Note
Access to this page requires authorization. You can try signing in or changing directories.
Access to this page requires authorization. You can try changing directories.
Learn how to use Azure AI Search to index documents that were encrypted with a customer-managed key in Azure Blob Storage.
Normally, an indexer can't extract content from blobs that were encrypted using client-side encryption in the Azure Blob Storage client library. This is because the indexer doesn't have access to the customer-managed encryption key in Azure Key Vault. However, using the DecryptBlobFile custom skill and the Document Extraction skill, you can provide controlled access to the key to decrypt the files and then extract content from them. This unlocks the ability to index and enrich these documents without compromising the encryption status of your stored documents.

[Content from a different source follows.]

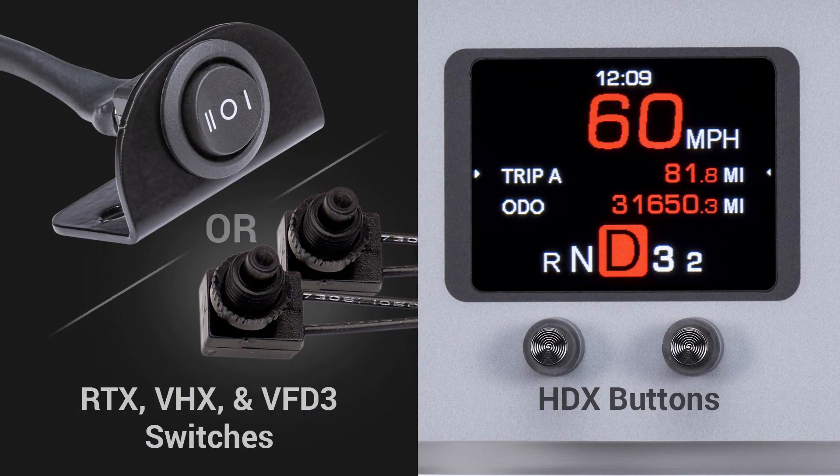Out of the box, our instrument systems offer you your six standard gauge readings, but if you need more, you don't have to resort to gauges below the dash or taking up your A-pillar. BIM series modules allow you to add 16 additional readings to your existing instrument system's message center, which is where the clock and the odometer are displayed. At any time, you can use your programming switches to toggle through the readings.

Starting with previously encrypted whole documents (unstructured text) such as PDF, HTML, DOCX, and PPTX in Azure Blob Storage, this tutorial uses a REST client and the Search REST APIs to:
- Define a pipeline that decrypts the documents and extracts text from them
- Define an index to store the output
- Execute the pipeline to create and load the index
- Explore results using full-text search and a rich query syntax
An Azure account with an active subscription. Create a trial subscription.
Azure AI Search on any tier or region.
Azure Storage, Standard performance (general-purpose v2).
Blobs encrypted with a customer-managed key. To create sample data, see Tutorial: Encrypt and decrypt blobs using Azure Key Vault.
Azure Key Vault in the same subscription as Azure AI Search. The key vault must have soft-delete and purge protection enabled.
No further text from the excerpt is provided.